Wednesday, June 05, 2013

When Sunni and Shiite Extremists Make War...

From National Review Online,  June 5, 2013, by Daniel Pipes:

 ... Seen from the perspective of a quarter-century later, the [the Iraq-Iran war brought] the major benefit of weakening both combatants.
Khomeini enjoyed a vast reach among Muslims at the war's start but lost this power by its end; not a single other country experienced an Iranian-inspired Islamic revolution, and the much-feared domino effect fizzled. Similarly, Saddam Hussein's Iraq never recovered from the terrible costs of its war with Iran; although still powerful enough to conquer defenseless Kuwait in 1990, its forces were no match whatsoever for the American-led troops in 1991 and 2003.
The civil war in Syria has also benefited the West until now:
  • It set Sunni extremist against Shiite extremist,
  • weakened the governments of Iran and Syria,
  • harmed the Hezbollah and Hamas terror organizations,
  • caused the malign AKP government of Turkey to stumble badly for the first time in its ten-year reign, and
  • created troubles for Moscow in the Middle East.
More broadly, a region that constantly threatens the outside world has become so focused on its own travails that its capacity to make trouble for others is reduced.

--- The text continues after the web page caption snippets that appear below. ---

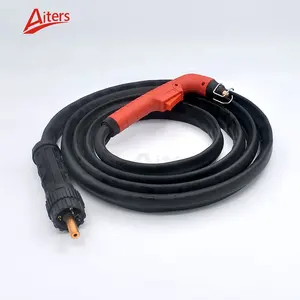 Kit completo de tocha plasma trafimet s45, conjunto com cabo vermelho com cortador manual de 5m de uso com conector m16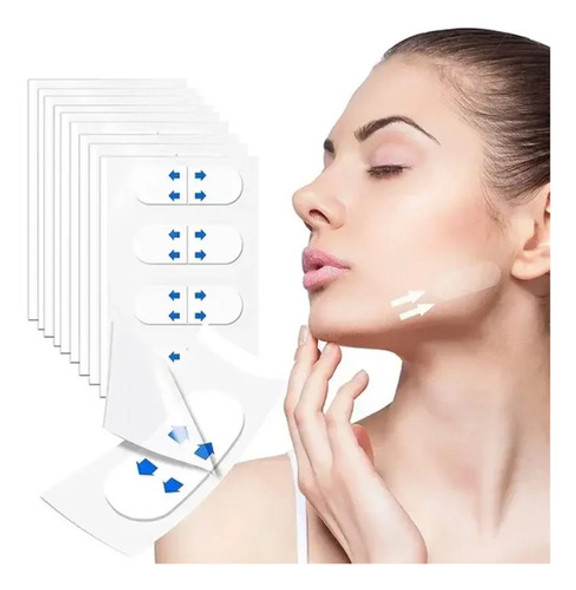 40pcs Adesivos Rosto Face Lifting Tape Ultra Fino Invisível 0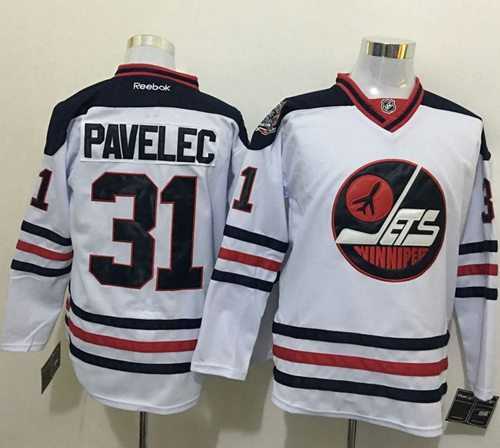 Winnipeg Jets #31 Ondrej Pavelec White Heritage Classic Stitched NHL Jersey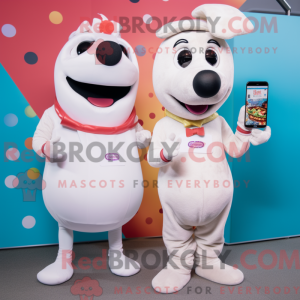 White Hot Dogs maskot...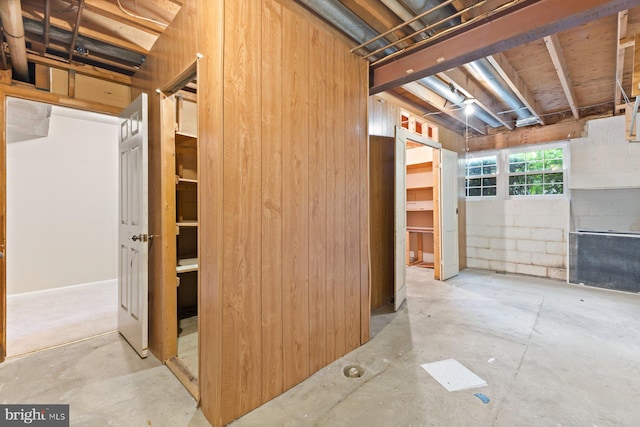 view of basement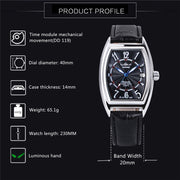 Men's Fashion Casual Barrel-shaped Automatic Mechanical Watch - Premium 0  Shop now 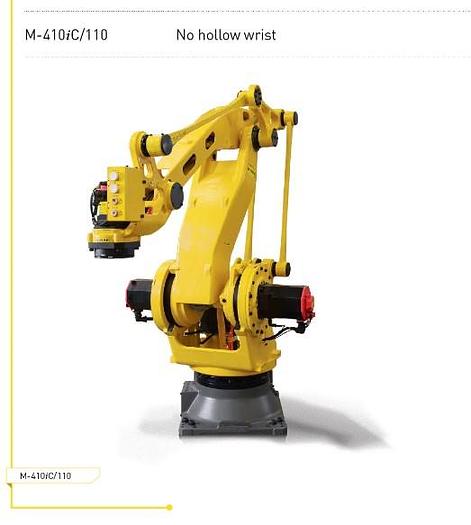 Used FANUC M-410iC/110 4 AXIS PALLETIZING ROBOT WITH R-30iB PLUS CONTROLLER NEVER USED
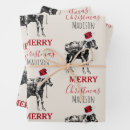 Search for donkey christmas wrapping paper Cute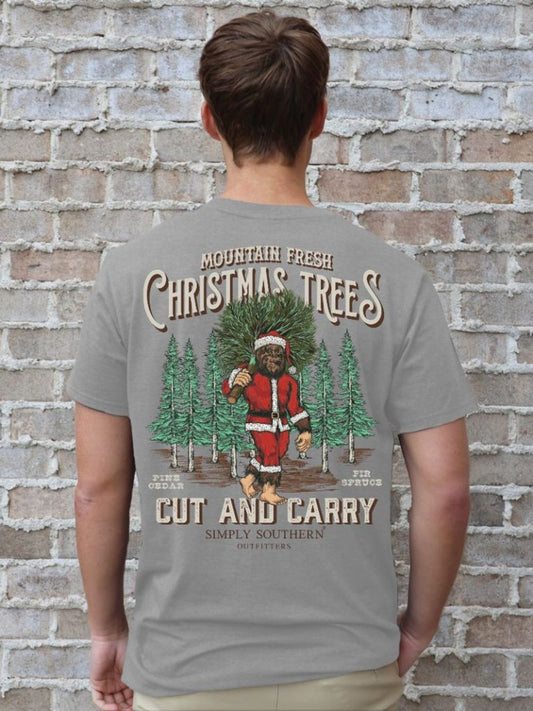 Cut and Carry Santa Sasquatch Tee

...we who have the means should help those in need. But [would] a victory by either the Islamist rebels or the Assad government, given their horrific battlefield records, ...signal an improvement in civilian conditions?
I suggest instead that Western powers use their influence to get the battling forces out of the populated areas.
The fighting now underway benefits those of us outside the Middle East. May it weaken both combatants even as our governments take meaningful steps to help civilians caught in the crossfire.